Franziskus – der Papst, der zu lieben verstand

 Franziskus – der Papst, der zu lieben verstand  TED-018
09. Mai 2025

Wir veröffentlichen im Folgenden einen Beitrag aus der italienischen Tagesausgabe der Vatikanzeitung, der das Pontifikat von Papst Franziskus unter dem Leitgedanken von Liebe und Barmherzigkeit betrachtet:

Kurt Appel, Universität Wien

Man merkt in diesen Tagen, wie viele Menschen zutiefst betroffen sind vom Tod von Franziskus, auch solche, die nicht Mitglieder der Kirche und oft nicht einmal Chris-ten sind. Franziskus empfängt über seinen Tod hinaus viel Liebe von den Menschen, nicht zuletzt deshalb, weil er selbst viel Liebe gegeben hat. Vielleicht ist die Liebe das Geheimnis der weltweiten unglaublichen Popularität von Franziskus, die alle Grenzen gesprengt hat.

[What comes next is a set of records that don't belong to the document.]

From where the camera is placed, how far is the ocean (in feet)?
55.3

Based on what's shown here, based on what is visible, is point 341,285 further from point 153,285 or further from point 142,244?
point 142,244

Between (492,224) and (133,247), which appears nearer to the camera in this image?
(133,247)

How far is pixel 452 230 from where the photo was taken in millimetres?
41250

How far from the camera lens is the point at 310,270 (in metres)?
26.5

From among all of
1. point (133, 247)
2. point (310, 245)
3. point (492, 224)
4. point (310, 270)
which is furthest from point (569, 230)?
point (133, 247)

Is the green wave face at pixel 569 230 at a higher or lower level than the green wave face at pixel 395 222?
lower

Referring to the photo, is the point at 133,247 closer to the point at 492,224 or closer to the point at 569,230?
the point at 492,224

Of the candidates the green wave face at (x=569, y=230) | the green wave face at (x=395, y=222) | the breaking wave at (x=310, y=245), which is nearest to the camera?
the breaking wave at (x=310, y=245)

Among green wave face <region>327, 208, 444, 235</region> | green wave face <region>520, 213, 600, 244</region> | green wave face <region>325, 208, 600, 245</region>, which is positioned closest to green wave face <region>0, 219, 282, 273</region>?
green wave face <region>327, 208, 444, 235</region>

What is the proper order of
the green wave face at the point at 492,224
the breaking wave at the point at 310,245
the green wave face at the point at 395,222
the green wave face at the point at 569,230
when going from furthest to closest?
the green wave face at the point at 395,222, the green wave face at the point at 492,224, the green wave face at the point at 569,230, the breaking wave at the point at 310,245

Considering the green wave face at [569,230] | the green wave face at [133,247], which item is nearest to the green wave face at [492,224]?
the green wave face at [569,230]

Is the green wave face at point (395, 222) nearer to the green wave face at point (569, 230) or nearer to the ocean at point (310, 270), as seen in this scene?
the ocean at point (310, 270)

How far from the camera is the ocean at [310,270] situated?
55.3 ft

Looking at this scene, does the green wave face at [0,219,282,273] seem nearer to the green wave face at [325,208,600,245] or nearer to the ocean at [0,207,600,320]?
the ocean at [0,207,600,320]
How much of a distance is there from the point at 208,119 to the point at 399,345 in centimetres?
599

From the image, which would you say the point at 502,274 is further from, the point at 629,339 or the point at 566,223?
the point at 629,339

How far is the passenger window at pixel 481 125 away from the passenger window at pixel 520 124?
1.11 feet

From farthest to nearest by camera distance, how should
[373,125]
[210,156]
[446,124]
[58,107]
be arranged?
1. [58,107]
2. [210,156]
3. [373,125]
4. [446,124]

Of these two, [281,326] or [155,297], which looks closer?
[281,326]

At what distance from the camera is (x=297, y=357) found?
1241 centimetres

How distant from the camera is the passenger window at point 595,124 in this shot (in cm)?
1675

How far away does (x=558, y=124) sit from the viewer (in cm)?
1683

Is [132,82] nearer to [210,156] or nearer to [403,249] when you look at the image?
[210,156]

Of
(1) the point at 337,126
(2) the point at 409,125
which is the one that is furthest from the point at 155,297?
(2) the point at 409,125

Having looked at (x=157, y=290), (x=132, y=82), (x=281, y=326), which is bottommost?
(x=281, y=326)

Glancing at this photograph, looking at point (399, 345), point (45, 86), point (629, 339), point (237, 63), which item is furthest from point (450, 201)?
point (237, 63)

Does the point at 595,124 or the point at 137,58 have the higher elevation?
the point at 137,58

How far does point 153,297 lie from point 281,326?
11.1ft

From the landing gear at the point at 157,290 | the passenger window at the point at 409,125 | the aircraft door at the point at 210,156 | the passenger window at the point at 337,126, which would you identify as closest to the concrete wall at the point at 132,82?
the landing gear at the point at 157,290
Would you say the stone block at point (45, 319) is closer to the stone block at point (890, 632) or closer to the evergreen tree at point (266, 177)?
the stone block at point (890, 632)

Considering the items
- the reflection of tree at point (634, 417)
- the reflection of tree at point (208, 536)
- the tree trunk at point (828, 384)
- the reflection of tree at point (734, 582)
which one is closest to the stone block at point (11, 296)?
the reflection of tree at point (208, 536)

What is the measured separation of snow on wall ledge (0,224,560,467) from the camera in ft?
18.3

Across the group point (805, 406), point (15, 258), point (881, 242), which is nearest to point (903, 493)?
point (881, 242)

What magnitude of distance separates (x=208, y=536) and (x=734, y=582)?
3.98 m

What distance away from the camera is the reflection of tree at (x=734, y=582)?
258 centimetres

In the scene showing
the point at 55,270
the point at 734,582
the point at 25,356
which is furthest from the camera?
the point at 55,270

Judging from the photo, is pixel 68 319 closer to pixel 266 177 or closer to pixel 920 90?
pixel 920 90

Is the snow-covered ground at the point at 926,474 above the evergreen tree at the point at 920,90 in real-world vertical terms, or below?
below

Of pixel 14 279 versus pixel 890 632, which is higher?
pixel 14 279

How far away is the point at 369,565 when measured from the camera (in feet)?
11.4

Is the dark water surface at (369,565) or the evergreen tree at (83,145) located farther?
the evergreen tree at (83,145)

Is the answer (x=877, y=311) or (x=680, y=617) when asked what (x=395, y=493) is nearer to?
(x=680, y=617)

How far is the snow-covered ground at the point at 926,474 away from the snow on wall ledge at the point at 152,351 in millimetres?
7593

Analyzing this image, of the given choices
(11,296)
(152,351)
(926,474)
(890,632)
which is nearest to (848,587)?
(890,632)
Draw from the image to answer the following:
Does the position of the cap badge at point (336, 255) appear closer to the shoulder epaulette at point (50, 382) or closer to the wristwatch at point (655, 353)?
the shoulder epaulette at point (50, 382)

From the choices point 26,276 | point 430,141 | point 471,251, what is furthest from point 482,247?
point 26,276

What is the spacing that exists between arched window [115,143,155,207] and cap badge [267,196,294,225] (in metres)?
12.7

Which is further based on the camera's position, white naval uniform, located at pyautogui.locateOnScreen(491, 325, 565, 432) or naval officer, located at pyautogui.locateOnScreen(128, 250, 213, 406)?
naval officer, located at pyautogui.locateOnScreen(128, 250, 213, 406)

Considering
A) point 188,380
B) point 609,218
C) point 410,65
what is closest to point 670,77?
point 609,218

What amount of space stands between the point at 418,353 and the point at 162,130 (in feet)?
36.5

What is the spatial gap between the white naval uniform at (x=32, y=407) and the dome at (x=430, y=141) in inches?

Bereits jetzt in den ersten Tagen nach seinem Tod deutet viel darauf hin, dass Papst Franziskus als ein großer Liebender in die Geschichte der Kirche und der Menschheit eingehen wird, genauso wie sein Vorbild, der Heilige Franz von Assisi. Der Papst aus Argentinien hat in vielen Jahrzehnten als Christ, Priester und Bischof gelernt, zu lieben. Er selbst hat immer wieder darauf verwiesen, dass er in jüngeren Jahren oft noch recht hart war zu seiner Umgebung. Bereits als Bischof von Buenos Aires eilte ihm jedoch der Ruf voraus, ein Herz für die Menschen seiner Diözese zu haben. Als er Papst wurde, hat seine Liebesfähigkeit die höchste Reife und Blüte erlangt.

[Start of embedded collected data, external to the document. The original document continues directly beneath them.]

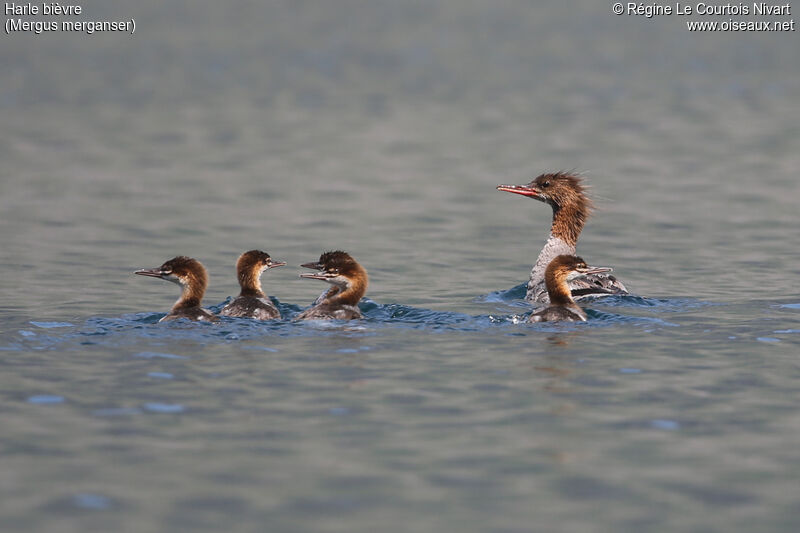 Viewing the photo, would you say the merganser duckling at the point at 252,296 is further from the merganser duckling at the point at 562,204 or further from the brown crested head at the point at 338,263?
the merganser duckling at the point at 562,204

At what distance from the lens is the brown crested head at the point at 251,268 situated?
41.9ft

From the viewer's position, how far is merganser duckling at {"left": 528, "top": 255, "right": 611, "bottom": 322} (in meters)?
12.0

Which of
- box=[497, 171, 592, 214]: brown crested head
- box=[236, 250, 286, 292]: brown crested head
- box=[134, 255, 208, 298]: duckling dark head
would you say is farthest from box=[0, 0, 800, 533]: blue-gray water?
box=[236, 250, 286, 292]: brown crested head

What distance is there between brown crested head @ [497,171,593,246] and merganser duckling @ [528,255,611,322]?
2.42 metres

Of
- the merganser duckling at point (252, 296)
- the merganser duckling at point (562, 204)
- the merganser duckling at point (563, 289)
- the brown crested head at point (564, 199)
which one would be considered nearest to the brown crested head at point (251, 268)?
the merganser duckling at point (252, 296)

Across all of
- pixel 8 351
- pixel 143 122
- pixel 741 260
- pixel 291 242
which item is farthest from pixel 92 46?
pixel 8 351

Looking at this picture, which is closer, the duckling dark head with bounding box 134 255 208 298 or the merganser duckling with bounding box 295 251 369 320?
the merganser duckling with bounding box 295 251 369 320

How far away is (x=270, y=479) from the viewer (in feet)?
25.2

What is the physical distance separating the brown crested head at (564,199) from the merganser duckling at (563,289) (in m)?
2.42

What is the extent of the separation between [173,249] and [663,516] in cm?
1068

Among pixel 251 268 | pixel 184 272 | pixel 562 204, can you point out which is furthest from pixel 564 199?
pixel 184 272

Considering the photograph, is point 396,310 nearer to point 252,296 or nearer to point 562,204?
point 252,296

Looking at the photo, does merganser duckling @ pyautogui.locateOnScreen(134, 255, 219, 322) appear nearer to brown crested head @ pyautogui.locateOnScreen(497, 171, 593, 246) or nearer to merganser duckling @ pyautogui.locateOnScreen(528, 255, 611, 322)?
merganser duckling @ pyautogui.locateOnScreen(528, 255, 611, 322)

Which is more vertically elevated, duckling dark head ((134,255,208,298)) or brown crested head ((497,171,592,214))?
brown crested head ((497,171,592,214)) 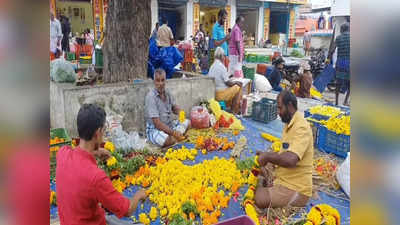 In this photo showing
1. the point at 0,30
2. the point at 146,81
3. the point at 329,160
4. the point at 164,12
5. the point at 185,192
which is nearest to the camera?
the point at 0,30

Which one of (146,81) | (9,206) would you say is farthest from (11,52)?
(146,81)

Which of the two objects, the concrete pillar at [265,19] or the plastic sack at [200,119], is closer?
the plastic sack at [200,119]

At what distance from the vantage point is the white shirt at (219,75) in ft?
23.6

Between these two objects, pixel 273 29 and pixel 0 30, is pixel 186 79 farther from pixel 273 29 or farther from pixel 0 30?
pixel 273 29

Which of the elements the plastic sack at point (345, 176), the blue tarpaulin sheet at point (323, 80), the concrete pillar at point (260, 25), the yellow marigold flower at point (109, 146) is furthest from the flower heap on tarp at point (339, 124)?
the concrete pillar at point (260, 25)

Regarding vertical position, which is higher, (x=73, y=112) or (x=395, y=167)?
(x=395, y=167)

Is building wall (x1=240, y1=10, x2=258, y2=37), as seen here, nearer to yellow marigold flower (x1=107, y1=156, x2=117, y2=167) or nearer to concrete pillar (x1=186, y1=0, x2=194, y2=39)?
concrete pillar (x1=186, y1=0, x2=194, y2=39)

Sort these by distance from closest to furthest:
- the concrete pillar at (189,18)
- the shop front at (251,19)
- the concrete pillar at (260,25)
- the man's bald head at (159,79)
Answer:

Als Christ heute von der Liebe zu sprechen, ist nicht immer leicht, denn zu oft und zu selbstverständlich wird dieses Wort in den Kirchen gebraucht, wobei allzu oft hinter der verlangten Praxis der Liebe auch Größenwahn und Selbstgerechtigkeit stecken. Es wird erwartet, dass der Christ Gott und die Welt liebt und oft wird Liebe fingiert, um diesen Erwartungen gerecht zu werden. Daher schlägt christliche Liebe oft in Hartherzigkeit um: Wenn der Christ an der Liebe scheitert, in Beziehungen, im Beruf, in der Gemeinschaft, dann kann er kein Christ und kein guter Mensch sein. Er muss in einer Gemeinschaft der Reinen, die sich das Banner der Liebe anheftet, verurteilt werden. Oftmals stellt daher das sogenannte Gebot der Liebe, wie es in der Kirche und in den christlich geprägten Kulturen vermittelt wird, eine unendliche Überforderung für den Menschen im Allgemeinen und Christen im Besonderen dar. Ganz besonders gilt dies für viele Bischöfe, Priester, Ordensleute und Theologen, die sich für Spezialisten und Profis der Liebe halten. Sie versuchen oft, einem Scheitern an der Liebe dadurch zu begegnen, dass sie den Anschein erwecken, im Besitz dieser Liebe zu sein, diese verwalten zu können und oft entrücken sie die Liebe so weit von dem Menschen und seiner Welt, dass sie unzugänglich wird. Wenn dann die einfachen, sündigen Menschen fragen, wo denn die konkrete Liebe in der Kirche und bei ihren Repräsentanten bleibt, dann wird schon allein die Frage als Ignoranz, Hochmut und Beschränktheit zurückgewiesen, weil sie nicht in die unendlichen Dimensionen der Dienstbarkeit, Liebeskunst und Reinheit der Auserwählten vorzudringen vermag.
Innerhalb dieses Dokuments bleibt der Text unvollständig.